### Problem details
When you reach the line containing "WBA3A9C51CF270245 2012 2012" in the records below, start copying exactly, and stop once you have copied the line containing "大娘手工玉米肉上海风味大馄饨鲜肉虾仁荠菜云吞抄手早餐速食夜宵".

### Supplied data

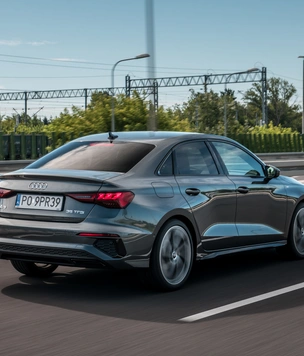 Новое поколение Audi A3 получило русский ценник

...

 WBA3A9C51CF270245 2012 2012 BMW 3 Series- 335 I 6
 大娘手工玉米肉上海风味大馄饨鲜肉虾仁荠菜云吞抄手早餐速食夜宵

### Problem solution
 WBA3A9C51CF270245 2012 2012 BMW 3 Series- 335 I 6
 大娘手工玉米肉上海风味大馄饨鲜肉虾仁荠菜云吞抄手早餐速食夜宵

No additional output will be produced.